In a recent decision, the AAT rejected in full a taxpayer’s claims for “several classes or categories of deductions.”
Facts
For the relevant period of 1 July 2021 to 30 June 2022, the taxpayer was (according to his employer) a ‘technical architect’. However, the taxpayer also claimed that he worked from home 6am to 11pm seven days a week, 365 days of the year, as he was ‘always on call’.
The taxpayer’s income tax return for the financial year ended 30 June 2022 claimed a range of deductions totaling approximately $40,000. There were several classes or categories of deductions claimed, comprising occupancy expenses, running expenses, plant and equipment expenses, consumable expenses, mobile phone expenses and spouse expenses.
In September 2022, the ATO commenced an audit of the taxpayer’s income tax return for the financial year ending 30 June 2022, as the ATO considered that deductions claimed by the taxpayer in that return were greater than those claimed by taxpayers of comparable employment.

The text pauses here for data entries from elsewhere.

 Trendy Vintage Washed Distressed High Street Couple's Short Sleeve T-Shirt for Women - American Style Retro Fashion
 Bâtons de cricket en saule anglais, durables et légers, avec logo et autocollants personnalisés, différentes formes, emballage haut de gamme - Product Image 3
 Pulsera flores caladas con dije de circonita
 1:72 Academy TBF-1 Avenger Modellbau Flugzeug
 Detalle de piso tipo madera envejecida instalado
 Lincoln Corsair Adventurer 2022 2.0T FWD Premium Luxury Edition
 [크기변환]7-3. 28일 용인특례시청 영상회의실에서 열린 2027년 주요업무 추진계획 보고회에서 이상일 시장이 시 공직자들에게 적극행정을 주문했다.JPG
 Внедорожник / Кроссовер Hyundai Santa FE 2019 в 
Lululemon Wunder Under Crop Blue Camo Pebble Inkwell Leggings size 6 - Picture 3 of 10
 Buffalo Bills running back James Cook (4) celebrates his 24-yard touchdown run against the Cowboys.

Following completion of the audit, the ATO disallowed certain claims for deductions made by the taxpayer. The taxpayer objected to the ATO’s findings. The ATO allowed the taxpayer’s objection (but only in part), and the taxpayer then appealed to the AAT.
Decision
The AAT considered each category of deductions claimed by the taxpayer separately, and rejected each of them in turn.

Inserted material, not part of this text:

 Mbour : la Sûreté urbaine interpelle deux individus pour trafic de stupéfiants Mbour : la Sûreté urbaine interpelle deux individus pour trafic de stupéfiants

In relation to Home office occupancy expenses, the taxpayer claimed that the ‘home office’ rooms comprised floorspace occupying 31% of the dwelling’s total floor area. The claims were for a proportion of various expenses, including home insurance, council rates, 50% of waste disposal, 25% of water rates, and 100% of repairs.
The AAT held that these claims did not satisfy S.8-1(1) of the ITAA 1997. More particularly, the AAT did not consider that “the claim for Occupancy Expenses were incidental or relevant to the earning of assessable income. The rooms concerned and the floor space they occupy were rooms in the (taxpayer’s) split-level residential dwelling on the lower floor. They were not physically separate from the remainder of the dwelling in any way and did not bear any distinctive physical characteristics. Such rooms were readily capable of other use for family purposes.”

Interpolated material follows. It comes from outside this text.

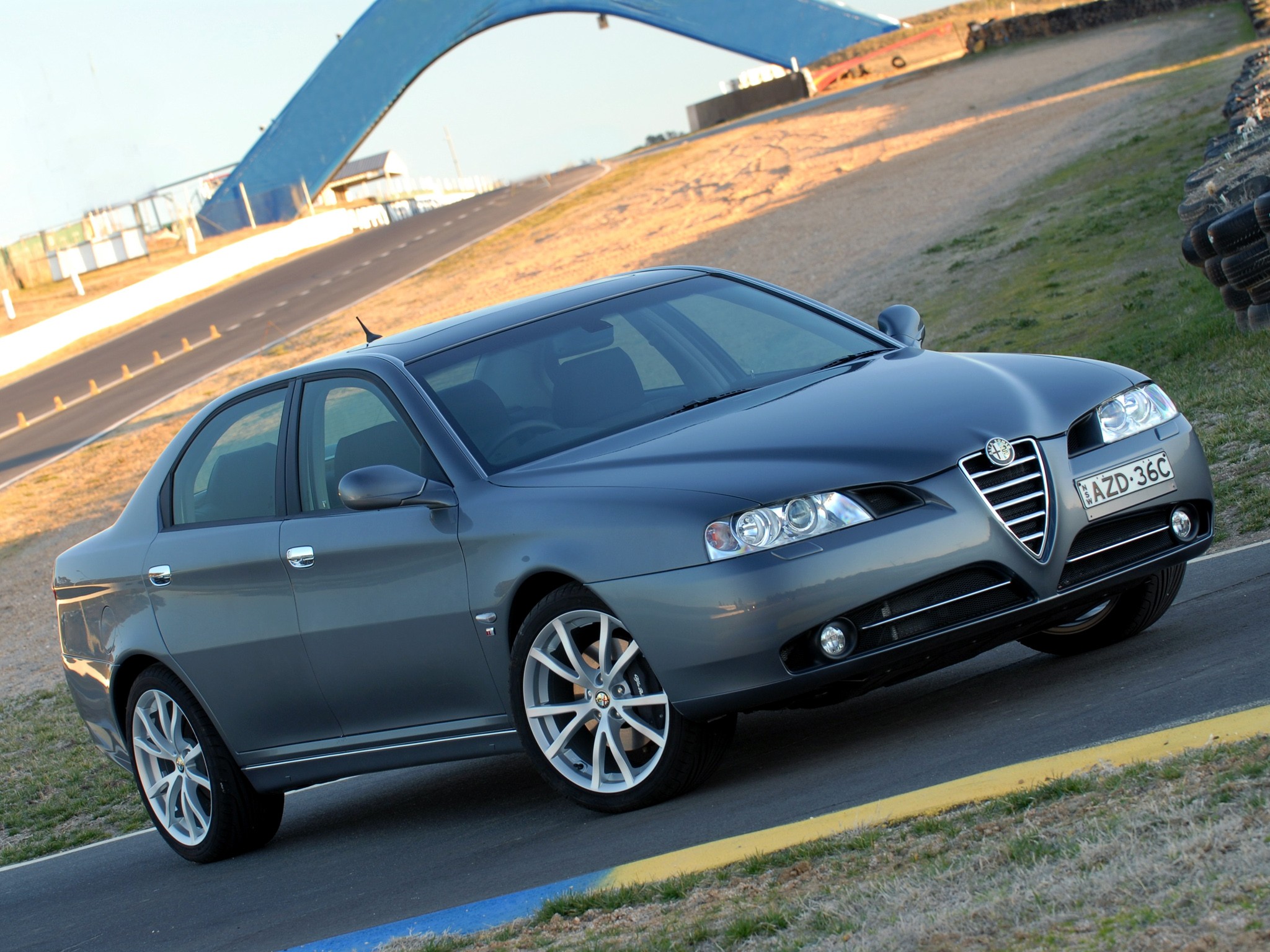 Alfa Romeo 166 photo 34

The Home office running expenses (including gas, power and internet) were disallowed by the AAT “on the grounds that either the (taxpayer) has not properly established an entitlement to such deductions or otherwise appropriately apportioned them between private or work-related activities.” The AAT found his 100% claim for the internet, on the basis that the other members of the household did not use the internet connection, “very difficult to accept“. The AAT also noted that the taxpayer’s workspace was on the ground floor of a split-level residential dwelling which he shared with four other members of his family.
In relation to the Plant and Equipment expenses (which the ATO had previously allowed in part), the AAT noted that “the evidence in support . . . is largely non-existent . . . What documentary material there was related to relatively small amounts of expenditure save for a mobile phone . . . and screen cover.”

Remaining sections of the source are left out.